Untuk kuantitas, jumlah bahan baku herbal di dalam hutan juga melimpah. Hal ini bisa dijumpai dengan melimpahnya buah-buah yang jatuh di serasah hutan. Tetapi kuantitas tersebut tidak selalu menunjukan nilai yang positif manakala kandungan bahan baku tumbuhan obat ternyata dipengaruhi oleh faktor edafis yang lain serta local spesifik sehingga ketika bahan herbal tersebut diekstraksi dari hutan ternyata tidak seragam sehingga menyulitkan dalam pengelolaannya. Dengan demikian, kualitas dan kuantitas bahan baku herbal yang tersedia di hutan-hutan Indonesia tidak serta merta dapat dimanfaatkan dengan mudah apabila faktor teknologi dan pengetahuan yang menempel padanya tidak digunakan dengan baik. Pembudidayaan jenis-jenis bahan baku herbal tersebut di luar tempat tumbuhnya menjadi jalan tengah agar pengelolaan dan pemanfaatannya dapat dilakukan secara optimal.
Domestikasi Budidaya
Teknik domestikasi merupakan suatu cara yang telah lama dilakukan oleh manusia untuk menjinakkan hewan maupun tumbuhan yang akan dimanfaatkan bagi kebutuhan manusia seperti rusa timor, ayam hutan, banteng, tumbuhan obat dan lain sebagainya. Salah satu tumbuhan herbal yang telah didomestikasi adalah cabe jamu dan kemukus, jahe, kemiri, pakem dan lain sebagainya. Teknik ini memudahkan manusia untuk memanfaatkan bahan baku herbal bagi kepentingan produksi dan akan baik apabila dikembangkan tidak jauh dari lokasi tempat tumbuhnya tetapi di luar kawasan hutan. Maksudnya agar akses manusia pengelola (petani dan pengusaha) tidak berbenturan dengan aturan yang melindungi kawasan hutan untuk tujuan tertentu. Salah satu cara yang bisa dibuat adalah melakukan kerjasama dengan pihak taman nasional untuk memanfaatkan kawasan/zona pemanfaatan untuk tujuan tersebut. Biasanya di lokasi itu akses jalan sudah tersedia dan dekat dengan kawasan pedesaan.
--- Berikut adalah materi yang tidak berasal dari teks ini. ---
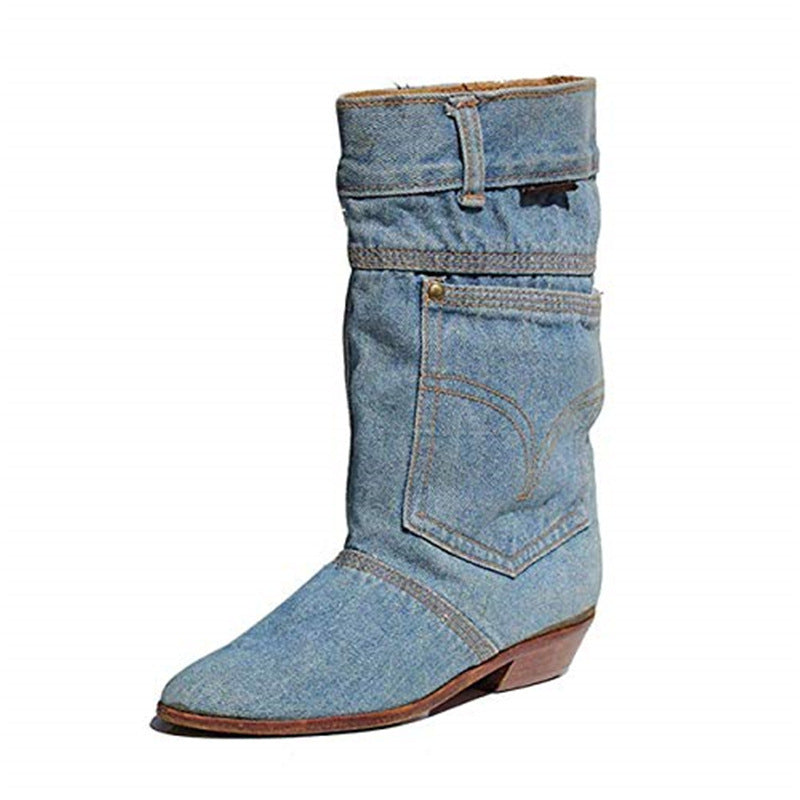 Stilvolle Orthopädische Stiefel für jeden Anlass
Tulisan mengenai Peran Tumbuhan Obat bagi Masyarakat ini merupakan ekstraksi dari disertasi yang dibuat oleh penulis dan sudah teruji secara sistematis, meskipun terdapat berbagai kelemahan lain yang perlu ditutupi. Paling tidak dengan menampilkan konsep ini diharapkan mampu memberikan ide bagi pembaca tentang budidaya tumbuhan obat baik pada saat sekarang (pandemi) maupun nanti setelah pandemi selesai. Akhir kata, semoga tulisan ini bermanfaat bagi pembaca. (IAN).